*BSD News Article 9350

Received: by minnie.vk1xwt.ampr.org with NNTP
	id AA5616 ; Fri, 01 Jan 93 01:51:02 EST
Newsgroups: comp.unix.bsd
Path: sserve!manuel.anu.edu.au!munnari.oz.au!spool.mu.edu!agate!dog.ee.lbl.gov!hellgate.utah.edu!fcom.cc.utah.edu!cs.weber.edu!terry
From: terry@cs.weber.edu (A Wizard of Earth C)
Subject: Re: Dumb Americans (was INTERNATIONALIZATION: JAPAN, FAR EAST)
Message-ID: <1992Dec28.062554.24144@fcom.cc.utah.edu>
Keywords: Han Kanji Katakana Hirugana ISO10646 Unicode Codepages
Sender: news@fcom.cc.utah.edu
Organization: University of Utah Computer Center
References: <id.M2XV.VTA@ferranti.com> <1992Dec18.043033.14254@midway.uchicago.edu> <1992Dec18.212323.26882@netcom.com> <1992Dec19.083137.4400@fcom.cc.utah.edu> <2564@titccy.cc.titech.ac.jp>
Date: Mon, 28 Dec 92 06:25:54 GMT
Lines: 164

In article <2564@titccy.cc.titech.ac.jp>, mohta@necom830.cc.titech.ac.jp (Masataka Ohta) writes:
|> In article <1992Dec19.083137.4400@fcom.cc.utah.edu>
|> 	terry@cs.weber.edu (A Wizard of Earth C) writes:
|> 
|> >US Engineers produce software for the available market; because of the
|> >input difficulties involved in 6000+ glyph sets of symbols, there has been
|> >a marked lack of standardization in Japanese hardware and software.

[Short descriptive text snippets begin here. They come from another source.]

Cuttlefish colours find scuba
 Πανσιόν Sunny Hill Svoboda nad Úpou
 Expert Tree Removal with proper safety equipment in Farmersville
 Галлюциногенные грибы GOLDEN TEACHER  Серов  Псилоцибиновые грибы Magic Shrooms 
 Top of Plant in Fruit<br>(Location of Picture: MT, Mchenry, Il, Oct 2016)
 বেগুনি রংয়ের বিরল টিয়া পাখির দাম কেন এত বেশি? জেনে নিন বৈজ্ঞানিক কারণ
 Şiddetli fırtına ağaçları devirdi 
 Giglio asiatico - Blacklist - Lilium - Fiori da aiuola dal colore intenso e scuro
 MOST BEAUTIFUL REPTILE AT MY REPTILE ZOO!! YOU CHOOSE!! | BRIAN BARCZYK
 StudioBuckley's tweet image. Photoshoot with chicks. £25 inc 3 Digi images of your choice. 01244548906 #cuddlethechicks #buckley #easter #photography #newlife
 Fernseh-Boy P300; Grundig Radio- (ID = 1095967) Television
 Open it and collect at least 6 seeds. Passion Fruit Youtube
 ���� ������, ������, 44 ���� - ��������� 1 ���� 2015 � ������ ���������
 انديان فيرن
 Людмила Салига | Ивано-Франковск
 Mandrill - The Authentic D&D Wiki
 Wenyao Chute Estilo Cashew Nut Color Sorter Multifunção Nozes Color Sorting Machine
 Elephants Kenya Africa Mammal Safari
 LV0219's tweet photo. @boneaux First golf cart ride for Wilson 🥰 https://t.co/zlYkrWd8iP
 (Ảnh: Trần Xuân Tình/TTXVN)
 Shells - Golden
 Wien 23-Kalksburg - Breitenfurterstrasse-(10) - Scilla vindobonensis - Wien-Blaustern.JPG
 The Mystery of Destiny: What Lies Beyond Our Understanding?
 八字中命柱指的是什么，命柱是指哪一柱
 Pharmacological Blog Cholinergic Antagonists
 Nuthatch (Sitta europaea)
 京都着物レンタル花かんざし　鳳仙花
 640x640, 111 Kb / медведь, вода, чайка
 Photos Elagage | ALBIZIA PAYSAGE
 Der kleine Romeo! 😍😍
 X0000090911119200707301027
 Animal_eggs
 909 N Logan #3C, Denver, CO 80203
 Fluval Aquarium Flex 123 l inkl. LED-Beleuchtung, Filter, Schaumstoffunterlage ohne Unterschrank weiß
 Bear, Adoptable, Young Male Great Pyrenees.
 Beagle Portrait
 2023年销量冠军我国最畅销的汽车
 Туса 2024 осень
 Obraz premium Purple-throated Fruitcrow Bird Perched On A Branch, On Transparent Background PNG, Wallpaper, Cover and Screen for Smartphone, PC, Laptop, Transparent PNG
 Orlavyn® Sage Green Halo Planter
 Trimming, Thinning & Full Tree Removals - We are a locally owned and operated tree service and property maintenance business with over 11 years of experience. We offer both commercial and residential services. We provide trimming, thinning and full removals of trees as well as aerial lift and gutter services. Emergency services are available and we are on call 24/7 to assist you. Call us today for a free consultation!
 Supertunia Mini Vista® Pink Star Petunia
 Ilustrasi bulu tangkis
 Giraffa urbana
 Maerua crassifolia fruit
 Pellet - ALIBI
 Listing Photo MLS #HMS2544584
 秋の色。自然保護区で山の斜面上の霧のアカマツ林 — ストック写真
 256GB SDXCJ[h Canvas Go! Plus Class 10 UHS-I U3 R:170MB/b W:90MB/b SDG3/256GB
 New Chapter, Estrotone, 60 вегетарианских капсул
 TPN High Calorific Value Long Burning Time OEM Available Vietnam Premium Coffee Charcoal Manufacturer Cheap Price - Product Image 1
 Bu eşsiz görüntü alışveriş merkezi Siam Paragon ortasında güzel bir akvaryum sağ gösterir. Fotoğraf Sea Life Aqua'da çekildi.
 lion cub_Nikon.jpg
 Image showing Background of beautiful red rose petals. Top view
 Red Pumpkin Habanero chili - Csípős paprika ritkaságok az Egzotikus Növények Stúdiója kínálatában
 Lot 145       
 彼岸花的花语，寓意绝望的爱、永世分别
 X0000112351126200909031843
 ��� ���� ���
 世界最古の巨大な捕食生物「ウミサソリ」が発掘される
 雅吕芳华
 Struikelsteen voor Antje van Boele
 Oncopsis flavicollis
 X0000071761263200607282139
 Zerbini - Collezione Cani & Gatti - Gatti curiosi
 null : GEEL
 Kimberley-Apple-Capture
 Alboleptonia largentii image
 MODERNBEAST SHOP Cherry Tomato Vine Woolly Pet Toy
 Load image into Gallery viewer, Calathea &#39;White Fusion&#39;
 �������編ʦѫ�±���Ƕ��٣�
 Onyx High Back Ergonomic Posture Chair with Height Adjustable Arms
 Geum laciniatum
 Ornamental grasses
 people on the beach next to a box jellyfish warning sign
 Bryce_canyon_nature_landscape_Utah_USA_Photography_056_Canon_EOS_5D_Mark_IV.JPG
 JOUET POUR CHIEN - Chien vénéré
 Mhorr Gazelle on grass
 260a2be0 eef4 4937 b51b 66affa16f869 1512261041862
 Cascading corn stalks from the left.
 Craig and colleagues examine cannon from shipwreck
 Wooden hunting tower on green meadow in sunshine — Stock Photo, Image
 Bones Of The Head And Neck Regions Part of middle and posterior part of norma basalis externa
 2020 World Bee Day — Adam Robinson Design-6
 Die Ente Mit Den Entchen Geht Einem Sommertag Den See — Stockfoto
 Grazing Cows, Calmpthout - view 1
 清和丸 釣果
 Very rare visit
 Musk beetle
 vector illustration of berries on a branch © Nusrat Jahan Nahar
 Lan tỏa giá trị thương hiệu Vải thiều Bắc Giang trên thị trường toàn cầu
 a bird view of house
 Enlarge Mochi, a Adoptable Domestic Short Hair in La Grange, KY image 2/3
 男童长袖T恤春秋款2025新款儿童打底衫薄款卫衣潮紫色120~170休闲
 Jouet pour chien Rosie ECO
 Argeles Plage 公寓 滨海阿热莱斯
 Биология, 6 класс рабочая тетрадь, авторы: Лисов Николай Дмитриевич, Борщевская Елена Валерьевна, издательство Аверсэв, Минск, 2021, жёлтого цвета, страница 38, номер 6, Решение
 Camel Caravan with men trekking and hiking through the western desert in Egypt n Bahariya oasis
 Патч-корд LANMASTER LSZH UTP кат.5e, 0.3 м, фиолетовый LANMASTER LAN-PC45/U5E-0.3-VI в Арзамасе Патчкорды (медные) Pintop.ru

This
|> >means that the market in Japan consists of mostly "niche" markets, rather
|> >than being a commodity market.
|> 
|> Do you know what Shift JIS is? It's a defacto standard for charcter encoding
|> established by microsoft, NEC, ASCII etc. and common in Japanese PC market.

I am aware of JIS; however, even you must agree that the Japaneese hardware
and software markets have not reached the level of "commodity hardware"
found elsewhere in the world (ie: the US and Europe).  There are multiple
conflicting platforms, and thus multiple conflicting code sets for
implementation.  If we had to pick one platform to support (I am loathe to
do this, as it means support for other platforms may be ignored until
something incompatable has fossilized) it would probably be the NEC 98, which
is not even PC compatible.

I think other mechanisms, such as ATOK, Wnn, and KanjiHand deserve to be
examined.  One method would be to adopt exactly the input mechanism of
"Ichi-Taro" (the most popular NEC 98 word processer).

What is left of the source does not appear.